Laundry Room Thoughts

I am sitting in a rickety chair inside a laundry room. My clothes are drying. Rain is falling hard outside and sent the hummingbirds and quail into hiding. I haven’t written anything from a laundry room in decades. It feels like a strangely decent place to write. Earlier, I wrote a letter in longhand while the clothes were washing. Presently, I am typing this on my AlphaSmart word processor. I am allowing my thoughts to meander with the sounds of the dryer turning and tumbling and the change and buttons making their cracking sounds against the metal.

It is chore day: vacuuming, laundry, cleaning, clearing, building some new shelves, re-positioning items here and there, unloading beaverwood from the car, etc. The Bonnie and Clyde book has moved into the production phase and that is a tremendous relief but also stirs up feelings of great loss because that project has consumed me for over two years. At the last minute I cut 10,000 words from the manuscript, a fifth of the total! It was actually pretty easy and the right decision. That section will become another book I’m thinking of calling A Discourse on Dogs.

My installation of 14 driftwood forts on one beach is no more. A freak windstorm toppled half of them and battered the others. Oh well, that is the nature of driftwood forts. I’ll build new ones on the sites of the dead one. I’ll use the remains of the dead forts and new materials delivered down from the watersheds. What a glorious driftwood year it has been.

The other day, I helped carry an elderly man out the door of an OTA joint. I was assisted by a young woman who had brought him into the bar. She told me he was a roommate. He was either drunk or insane but certainly enfeebled and barely able to walk. They were on foot and I thought I was going to have to walk a half mile to get him safely home. But once we got outside the joint, she saw a roommate walking across the street and hailed him over for assistance. Odd indeed.

I may have a friend visit me. I have another friend in town visiting me. I’m showing him certain Oregon Coast marvels, one of which is beaverwood. He’s delighted with the choice cut I gifted him. It will be traveling across the country in his luggage soon. Beaverwood stashed in luggage!!!!

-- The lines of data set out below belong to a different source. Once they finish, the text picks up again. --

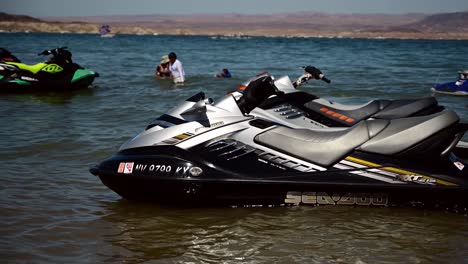 Jetski-Schwimmt-Auf-Dem-Lake-Mead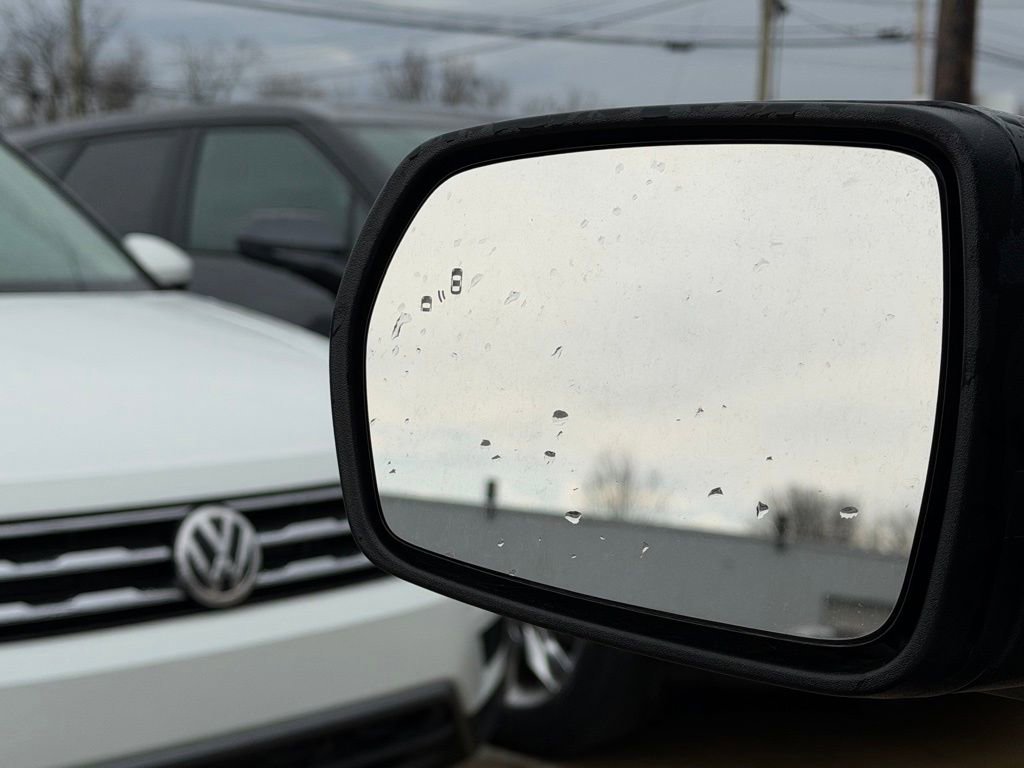 Used 2024 Ford Edge Titanium image 37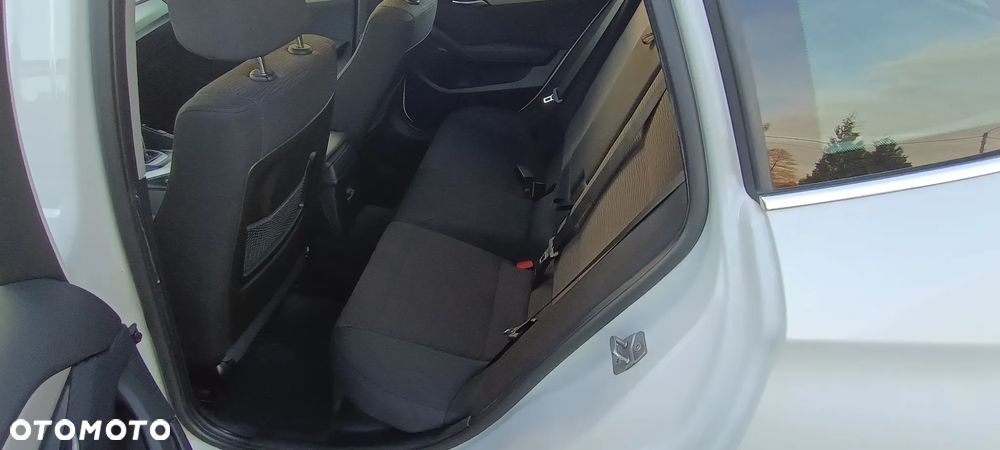 BMW X1 sDrive18d Sport Line - 16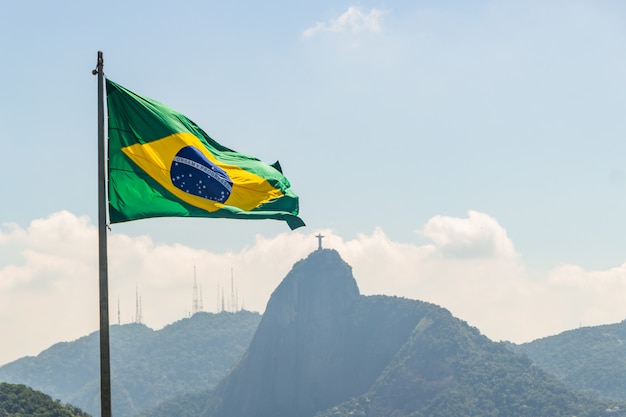 Flaga Brazylii Z Wizerunkiem Chrystusa Odkupiciela W Tle W Rio De Janeiro Brazylia Zdjecie Premium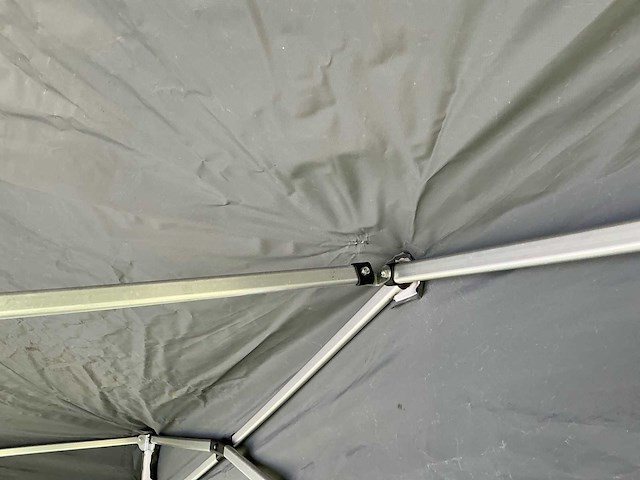 Partytent - afbeelding 5 van  5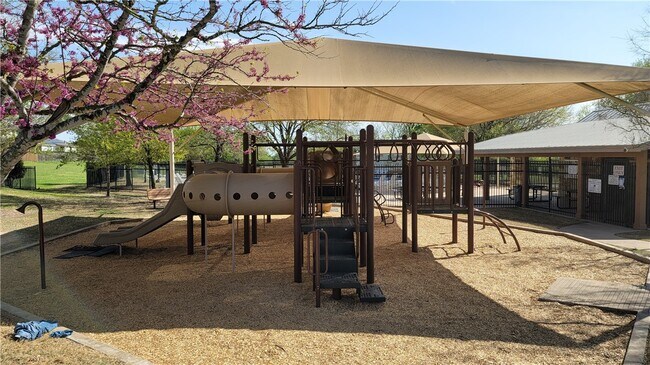 Building Photo - 11712 Larch Valley Dr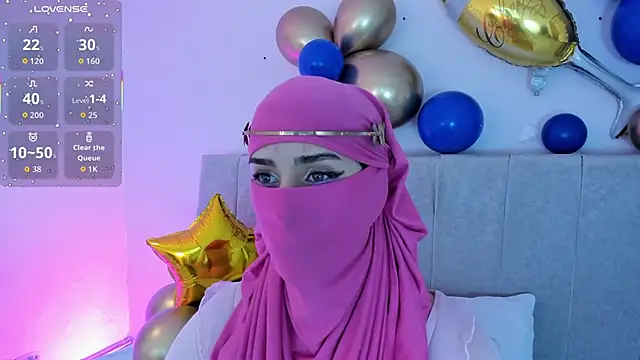 Snapshot of rawiya chatting on 09/29/25, 12:10 rawiya online show from 09/29/25, 12:10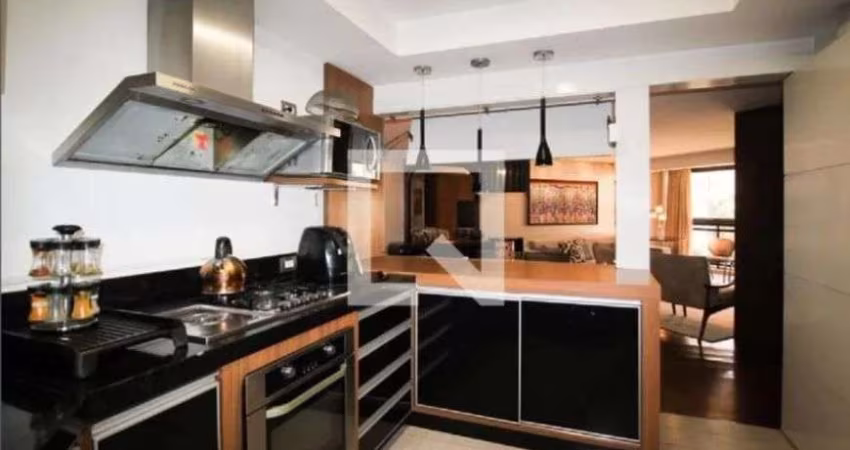 Imóvel para aluguel possui 120 metros quadrados com 2 quartos em Moema - São Paulo - SP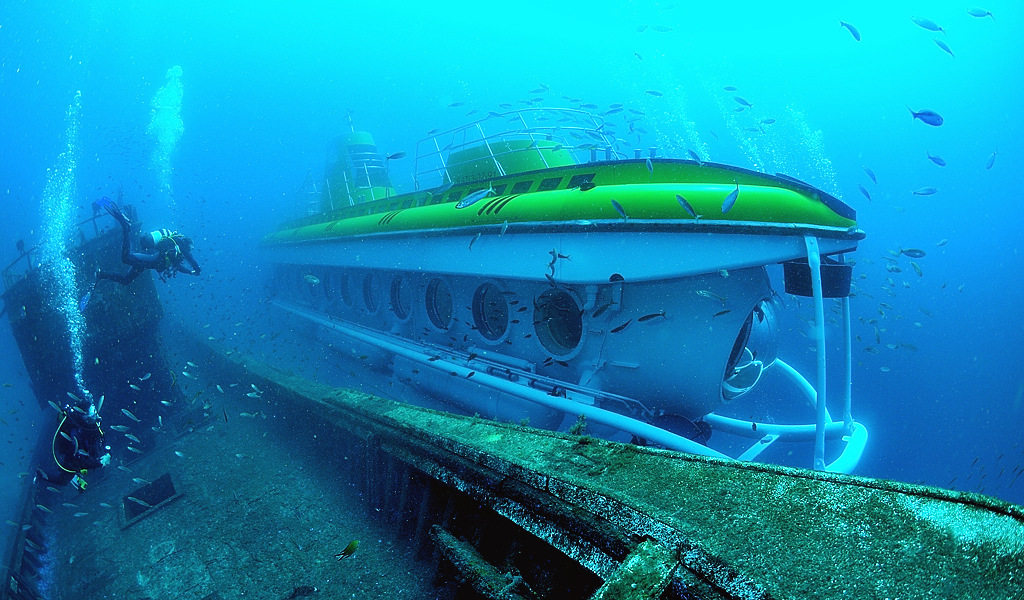 U-Boot- und Unterwassertaucher in den Gewässern von Teneriffa.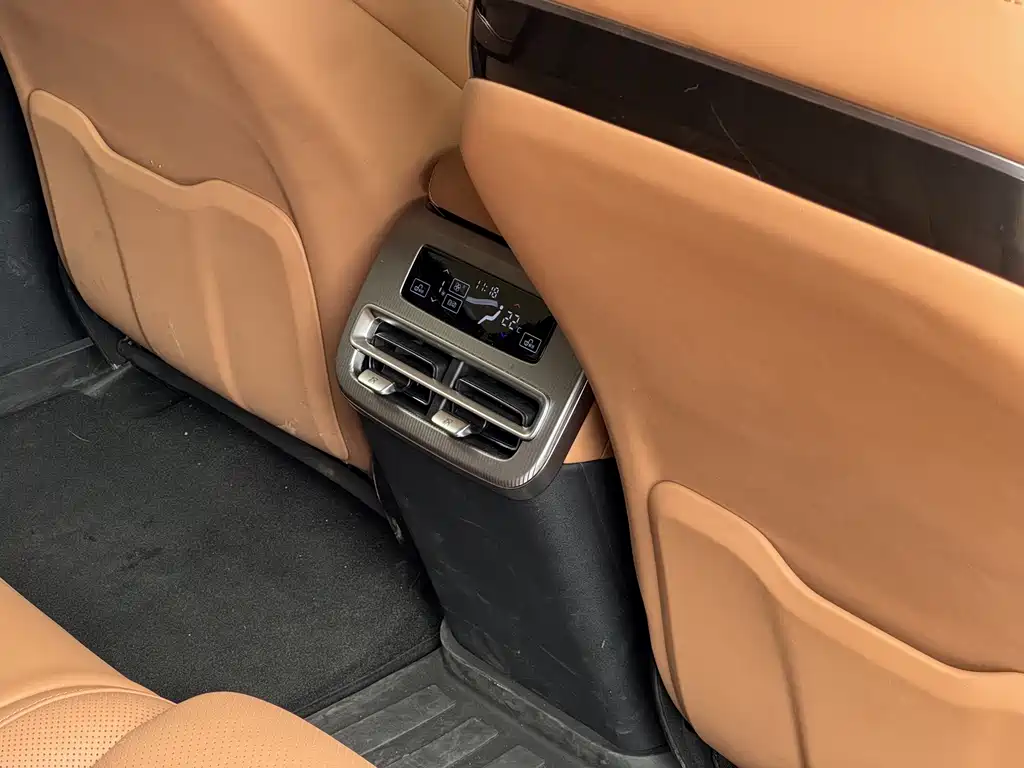 BYD Han L — миниатюра 18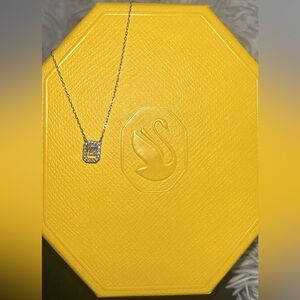 Silver Swarovski Una Pendant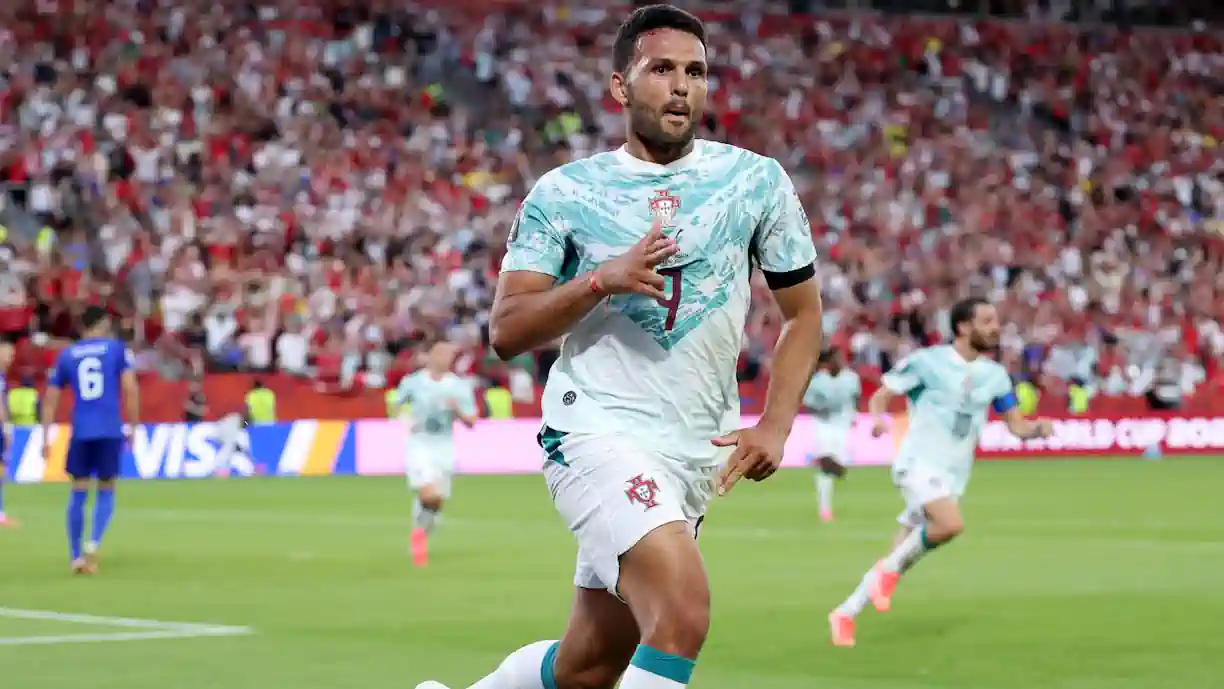 Gonçalo Ramos ajudou Portugal a bater a Croácia (2-1) com um golo aos 90+4 e ex Benfica garante passagem aos "oitavos"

With Bonnie and Clyde and the OTA books finished, my mind turns toward writing fiction. I am ready to unleash all my creative energy into that pursuit, a novel, more tales, perhaps even a podcast that serializes some of the projects. A possible new collaborator is also emerging. Whether this writing will be published conventionally or unconventionally, I have no idea. The point is to release my writing in that direction and see where it leads. I am on a new literary path, one that I never foresaw for myself after the personal cataclysm. Bonnie and Clyde helped me discover it.